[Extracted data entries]
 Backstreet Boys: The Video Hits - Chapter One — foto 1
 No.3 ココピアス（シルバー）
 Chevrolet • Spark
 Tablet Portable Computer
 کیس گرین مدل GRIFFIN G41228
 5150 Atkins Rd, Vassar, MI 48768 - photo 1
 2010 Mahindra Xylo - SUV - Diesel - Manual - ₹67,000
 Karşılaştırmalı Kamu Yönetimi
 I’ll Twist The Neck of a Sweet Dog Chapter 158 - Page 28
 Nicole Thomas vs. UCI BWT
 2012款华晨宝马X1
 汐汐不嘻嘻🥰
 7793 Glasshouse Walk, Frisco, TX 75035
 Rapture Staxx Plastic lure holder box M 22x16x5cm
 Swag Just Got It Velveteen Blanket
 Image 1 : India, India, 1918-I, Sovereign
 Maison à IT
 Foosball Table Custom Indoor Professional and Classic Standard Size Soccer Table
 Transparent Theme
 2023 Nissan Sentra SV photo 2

# INSTRUCTIONS FOR THE TASK:
Once the lines above that include "Chapter" are counted, report the number and nothing else.

# ANSWER TO THE EXERCISE:
2